- _MATERIAL PROVIDED_:
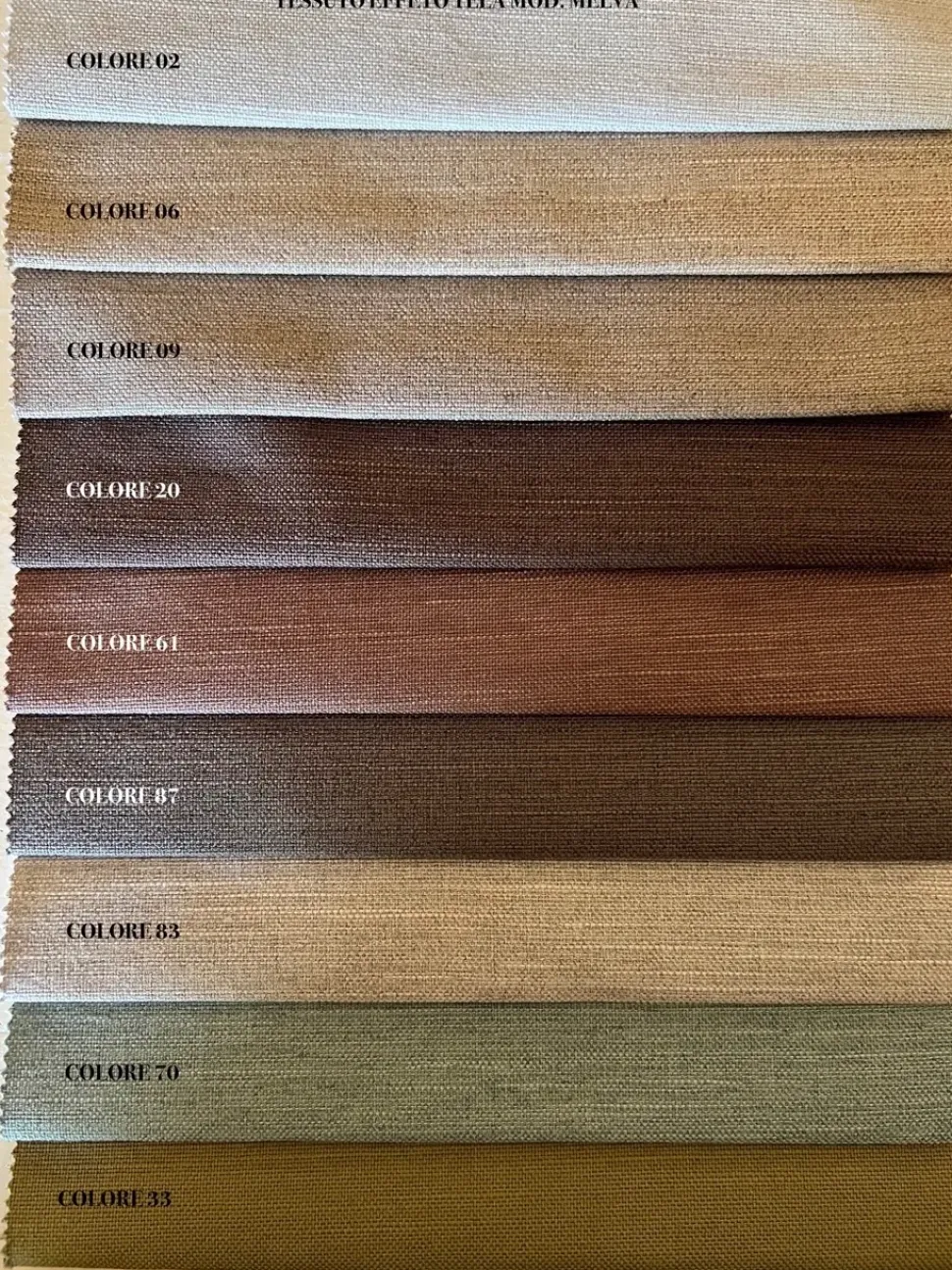 Divano relax in poliuretano. Collezione esclusiva, prezzo scontato.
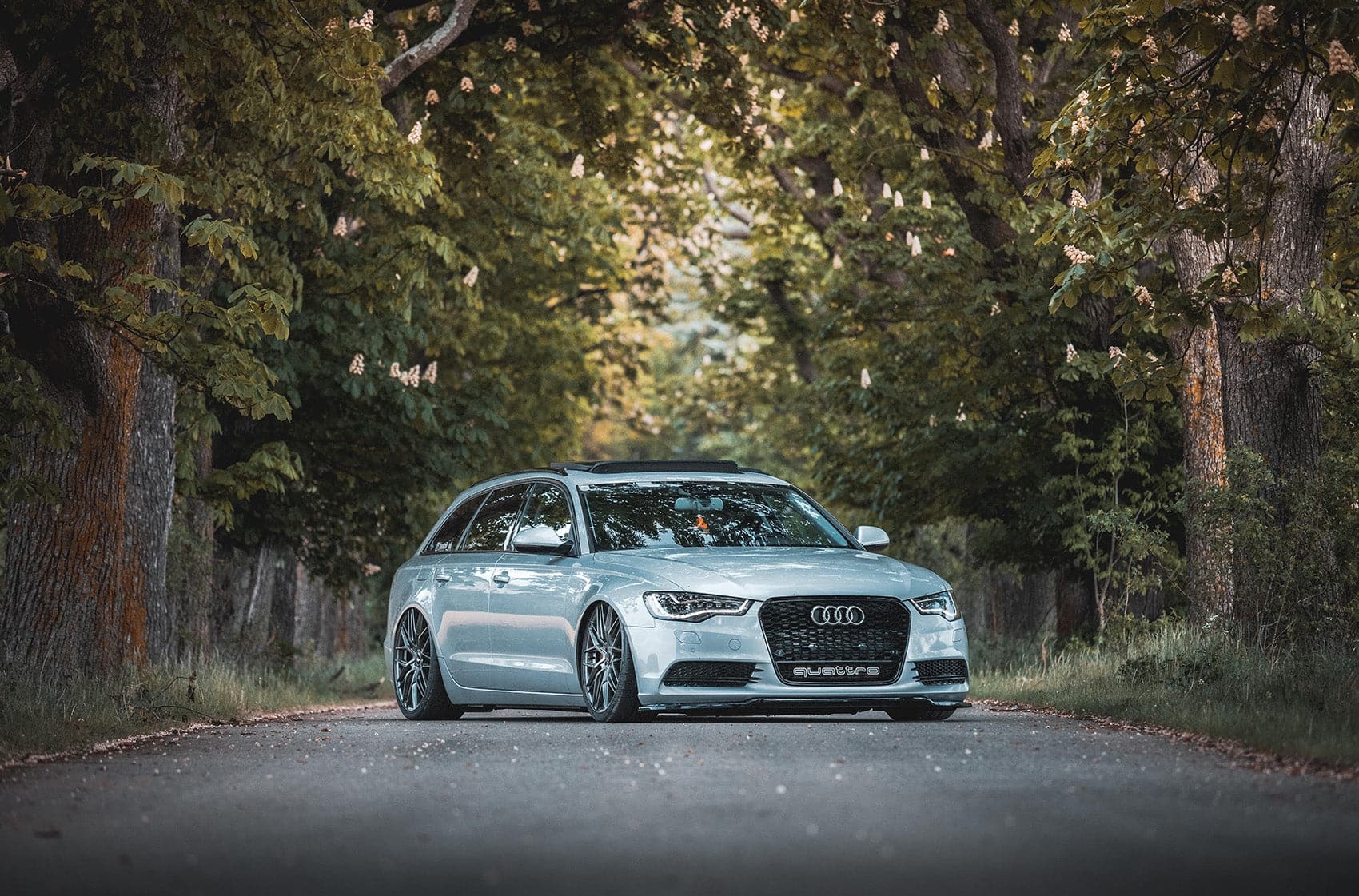 Alu kola Japan Racing JR28 17x8 ET40 5x108 Hyper Black WheelsUp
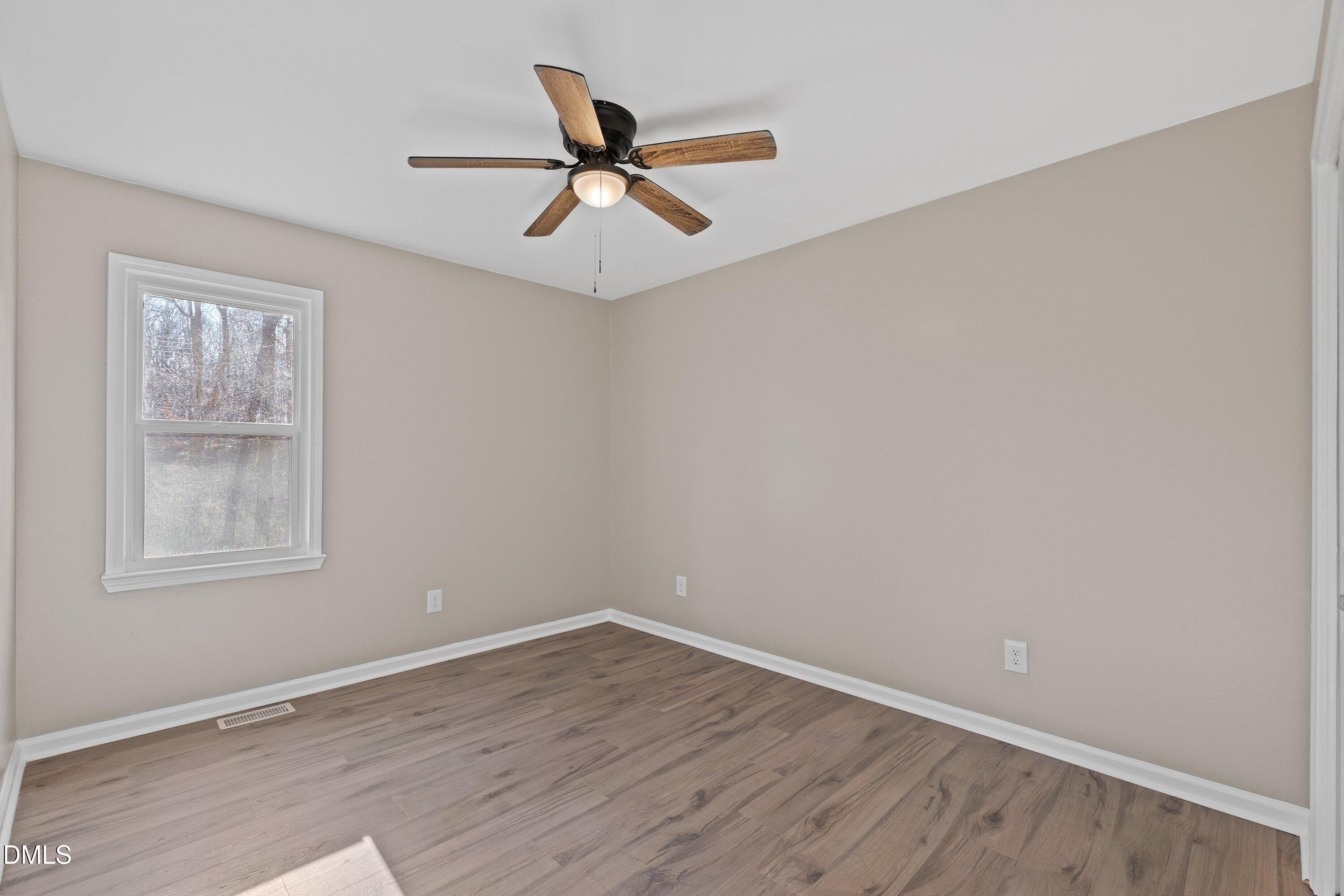 113 Chatham Court Property Photo 29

- _REQUIRED ACTION_: Could you give the material again exactly as it stands, omitting any image?

- _RESULT OF THIS TASK_:
 Divano relax in poliuretano. Collezione esclusiva, prezzo scontato.
 Alu kola Japan Racing JR28 17x8 ET40 5x108 Hyper Black WheelsUp
 113 Chatham Court Property Photo 29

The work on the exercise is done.